Mawston continued, saying that “LTE has quickly become a high-growth, high-value market that no operator, service developer, device vendor, or component maker can afford to ignore.”
In the US, Verizon already has 200 markets covered by LTE, with another 200 expected by the end of 2012. In Japan, NTT DoCoMo has its Xi LTE network, with ridiculous speeds of 75 megabits per second. South Korea’s SK Telecom launched in February 2011, and has more than 1 million subscribers as of last month, according to NetworkWorld.
Mawston expects Apple, Samsung, and HTC to lead the charge on 4G LTE smartphone shipments. We’ve already seen LTE phones from Samsung, including phones like the Galaxy Nexus and the Galaxy Note. HTC has the Rezound on Verizon, and the upcoming One X.
Other companies like LG, Nokia, Motorola, Pantech, and Fujitsu are also joining in by making 4G LTE smartphones. In the US Motorola already has a few LTE devices. LG and Pantech do as well.
The only problem with many of these LTE smartphones is that they’re expensive. A Samsung Galaxy Nexus on Verizon costs $299.99 on contract, as does the Samsung Galaxy Note on AT&T.
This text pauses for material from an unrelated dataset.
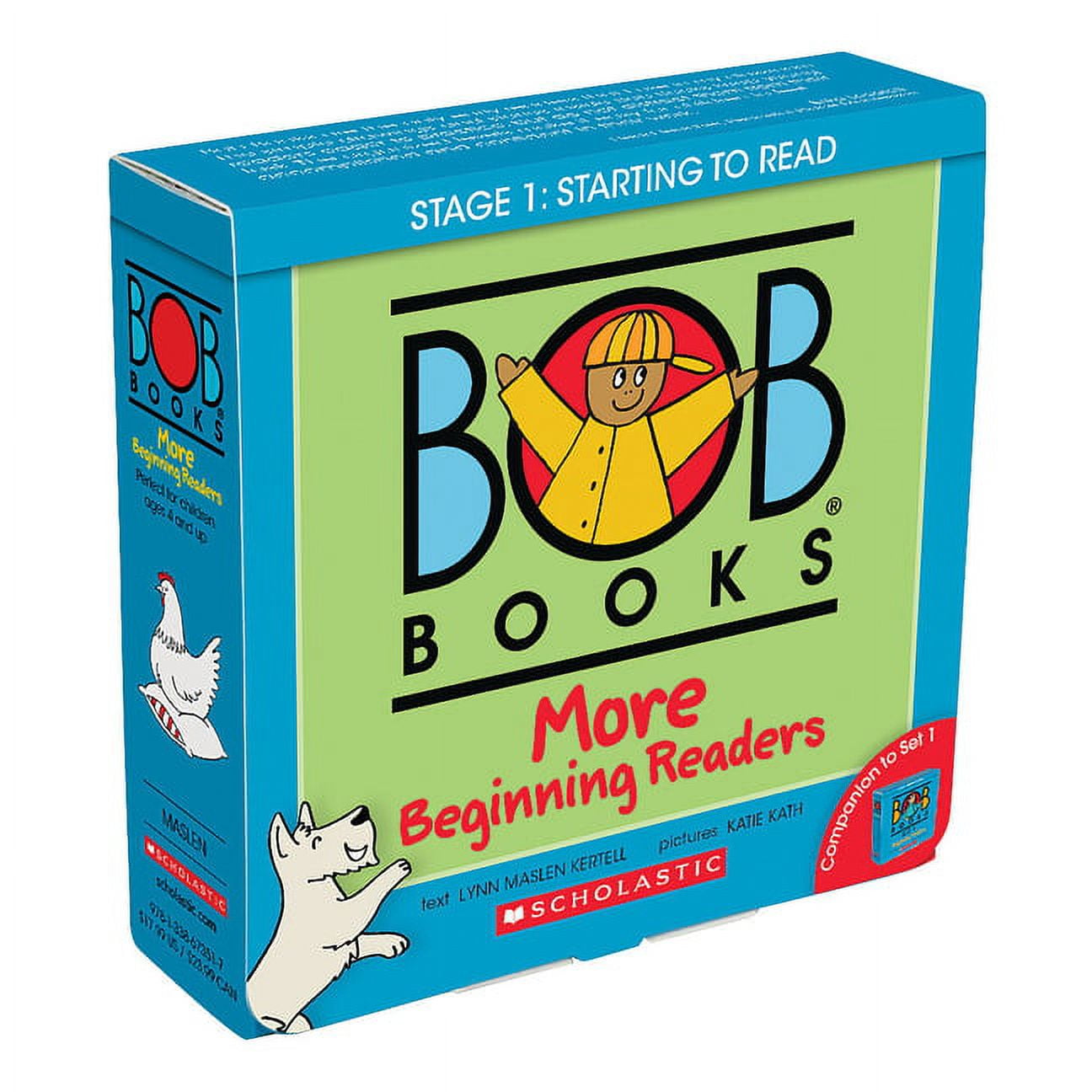 Bob Books: Bob Books - More Beginning Readers Box Set Phonics, Ages 4 and  Up, Kindergarten (Stage 1: Starting to Read) (Other)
There are some less expensive phones with LTE such as the Nokia Lumia 900 which will allegedly carry a $99.99 price tag when it launches in April. Of course, there’s always sales on older phones as well. A Droid Charge, for instance, is available for free on Verizon with a two-year contract.
Even with cheaper phones, LTE costs more per month than 3G-only phones. Users might want the faster speeds, but not everybody is willing to pay the extra data cost. Even if they can pay it, they might find extra charges on their monthly statements because they accidentally run out over their data limit.